Ca bouge dans le secteur des aparthôtels ou résidences de tourisme destinés à la clientèle affaires. Le créneau de ces établissements, type auberge de jeunesse haut de gamme, mais au personnel réduit par rapport à un hôtel traditionnel, qui compte déjà les marques Mama shelter et Citizen M, voit maintenant la marque Adagio détenue conjointement par le groupe Accor et le groupe Pierre et Vacances, évoluer sérieusement.

 « Grâce au nouveau concept du Cercle, nos clients peuvent désormais profiter d’une expérience d’hébergement personnalisable dans un espace de vie plus convivial, leur permettant de rencontrer de nouveaux voyageurs » m’explique Karim Malak, Directeur Général délégué d’Adagio.
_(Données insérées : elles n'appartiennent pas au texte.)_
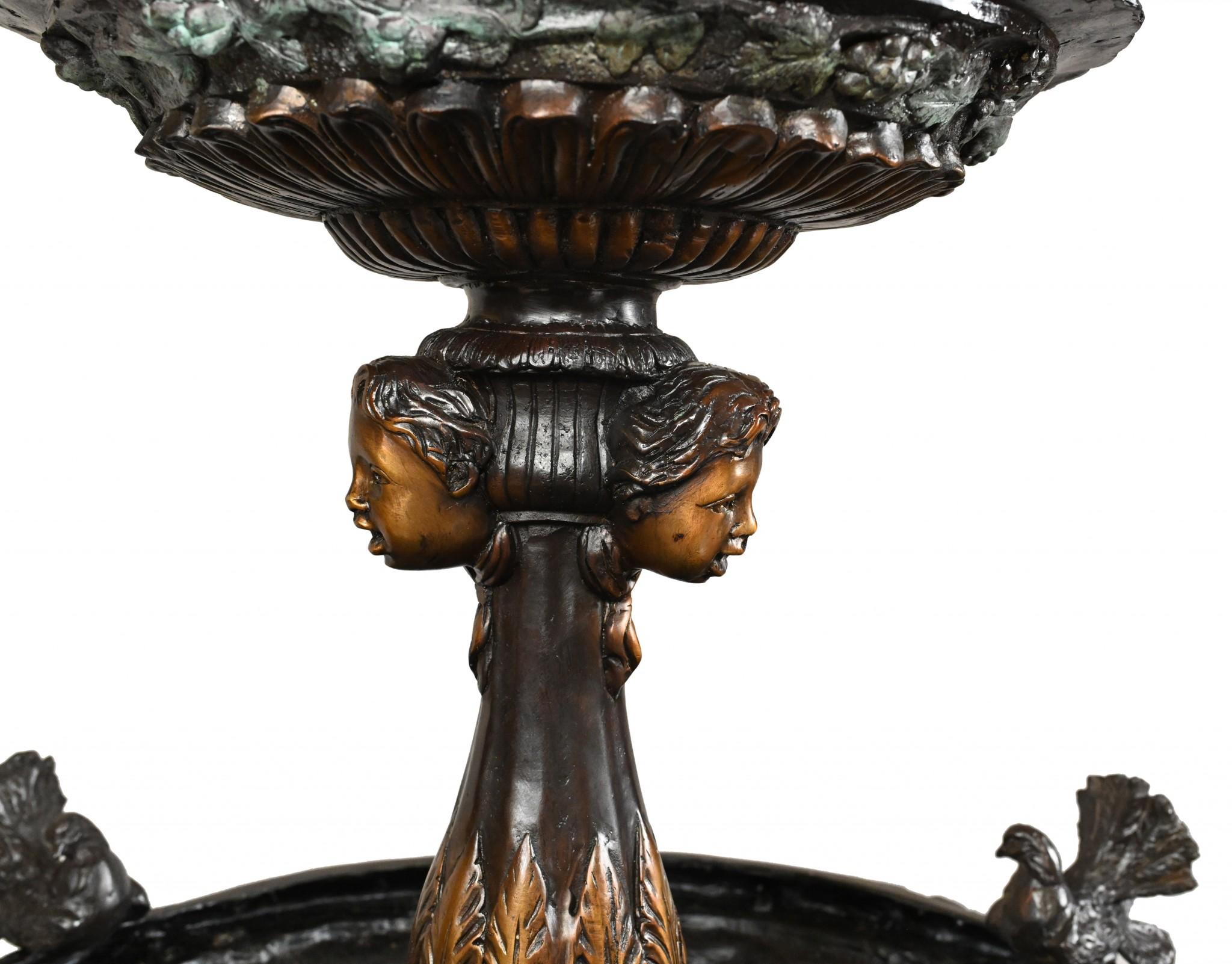 Großer Bronzebrunnen mit Jungfrauen, klassisches französisches Garten-Wasserelement 10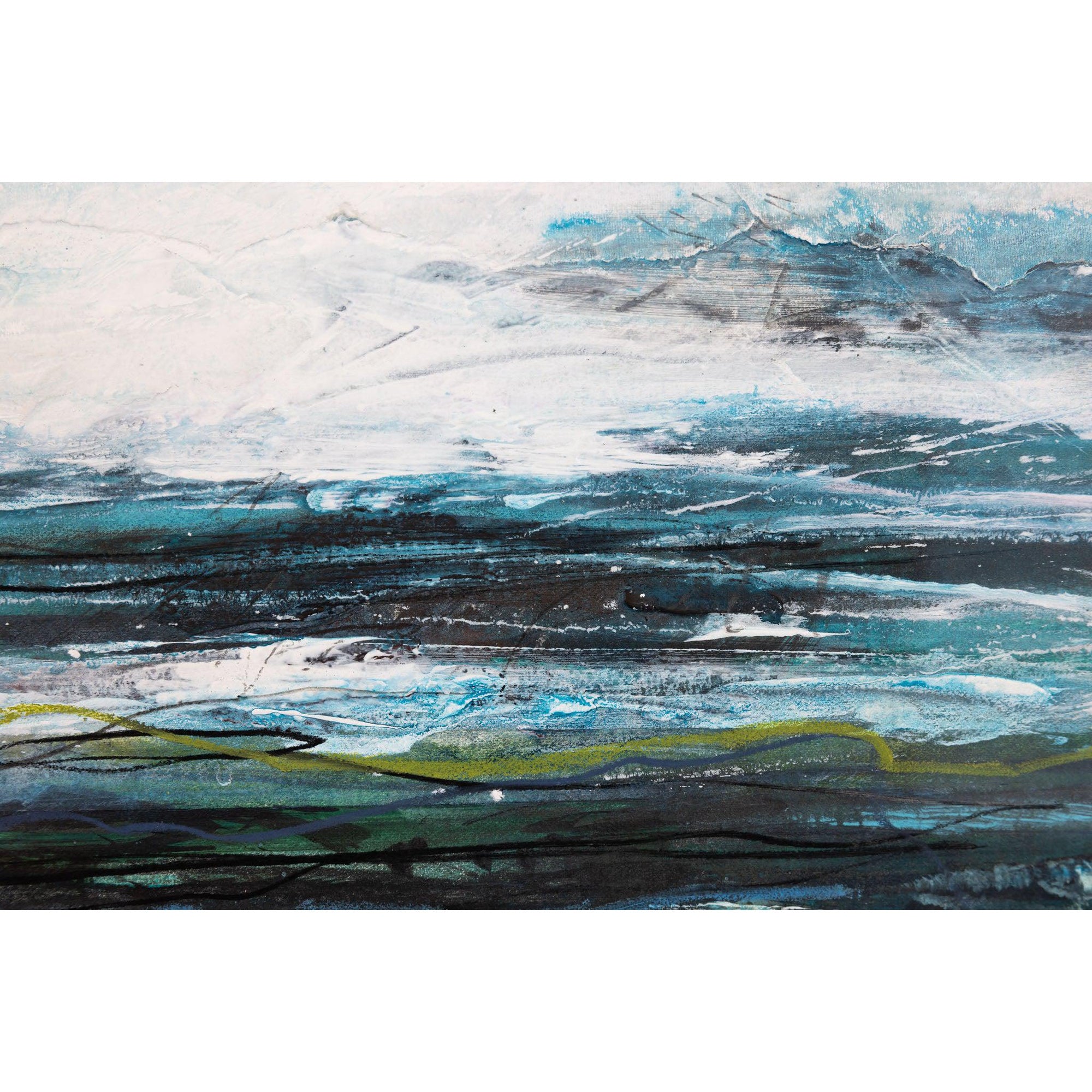 'Shorelines 2' by Jo Ellis, mixed media, original available at Padstow Gallery, Cornwall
Voici les grands principes des Adagio qui adopteront le principe du Cercle :

  • Accueil informel. Portant une nouvelle tenue plus ‘casual’, les collaborateurs peuvent effectuer le check-in à différents endroits du lobby.
  • Co-working. Certains aparthotels disposent d’espaces de co-working procurant aux voyageurs d’affaires un cadre de travail convivial et fonctionnel.
  • Cuisine partagée. Les clients ont la possibilité de cuisiner tout au long de la journée un repas qu’ils pourront partager avec d’autres convives.
  • Bibliothèque d’objets. Afin de personnaliser leur appartement, ils peuvent se procurer notamment des vases, des plantes, des coussins…
  • Services ludiques et pratiques : une épicerie vendant des produits pratiques ou gourmands. Des boissons gratuites sont mises à disposition  dans le lobby.
  • Divertissement. Dans l’espace commun, les clients disposent  d’un babyfoot, de jeux de société, de grands écrans ou encore d’un piano.
  • Avec des confrères, nous avons récemment terminé une réunion de travail au Citizen M de la Gare de Lyon. Ambiance certes sympathique et dépaysante. Mais nous n’avons pas pour autant communiqué avec les autres clients.  Une partie de babyfoot aurait peut être changé la donne. A voir.

 


2 commentaires on “CES « HOTELS » D’UN NOUVEAU GENRE”

  1. Dominique de La Tour dit :

    J’ai testé deux fois CitizenM : lenteur et incompétence totale du personnel du bar. Il faut attendre longtemps avant qu’il ne se retourne quand on vient pour commander. Il oublie la moitié de la commande (2 fois une rondelle de citron + 1 fois un verre de vin). Ne connaît par coeur aucun prix. Redemande un truc qui était déjà précisé dans la commande (« avec ou sans glace ? » « Quel type de chardonnais ? ») . Manque de souplesse. Hier, je veux prendre une assiette de charcuterie. Je demande au barman CitizenM. « Servez-vous comme vous voulez, et passez à la caisse ensuite ». J’arrive sur la table : mélange de saucisson, jambon avec horrible arôme artificiel fumé, et jambon cru. Qu’est-ce que je fais ? Je prends le jambon cru et le sauciflard. Arrivé à la caisse, le garçon me dit : « Non, vous n’avez pas compris : ce sont des planches toutes faites : on ne peut pas séparer les jambons ». Je regarde bien : en effet, de près, on voit qu’il y a deux planches de bois, une grande, une petite, si serrées qu’on ne voit pas la jonction. Comme j’avais déjà touché le jambon, je propose au type qu’il me facture « comme vous voulez » ma charcuterie – pouvais-je lui proposer mieux ? Il refuse : « Non ! Prenez la petite planche ! » – « J’ai horreur de ce jambon fumé, et en plus, quel est l’intérêt de mettre beurre doux + beurre salé : en général, les gens aiment soit l’un, soit l’autre ? » Il m’arrache un peu rageusement l’assiette, prend la grosse planche, et va en cuisine où je me doute qu’il va remettre en douce le jambon que j’ai déjà touché. J’ai trouvé ça très moyen. En revanche, s’ils sont mauvais, ils sont plutôt sympas.